▶ [The data]
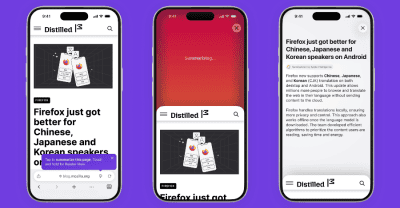 Firefox's "Shake to Summarize" Feature Brings AI Power to iPhone Browsing
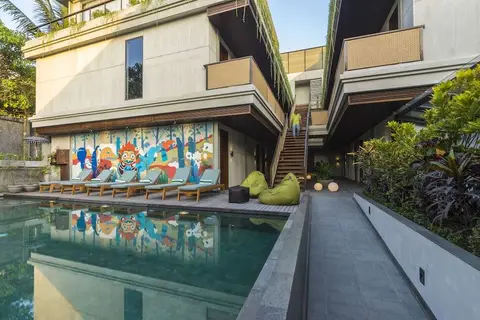 Artotel Haniman Ubud in Ubud, foto 2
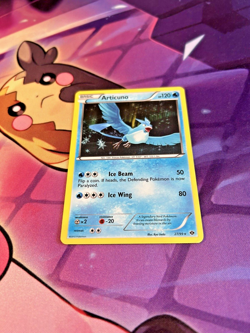 Articuno - 27/99 [Next Destinies] Pokemon TCG - COSMO HOLO RARE PROMO - LP - Image 3
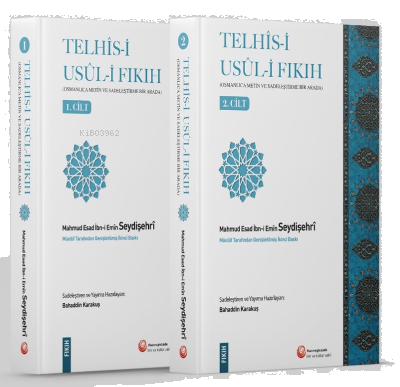 Telhîs-i Usûl-i Fıkıh / 2 Cilt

▶ [Your instructions] Apart from the images, every line above needs to be printed again exactly.

▶ [Answer to the problem]
 Firefox's "Shake to Summarize" Feature Brings AI Power to iPhone Browsing
 Artotel Haniman Ubud in Ubud, foto 2
 Articuno - 27/99 [Next Destinies] Pokemon TCG - COSMO HOLO RARE PROMO - LP - Image 3
 Telhîs-i Usûl-i Fıkıh / 2 Cilt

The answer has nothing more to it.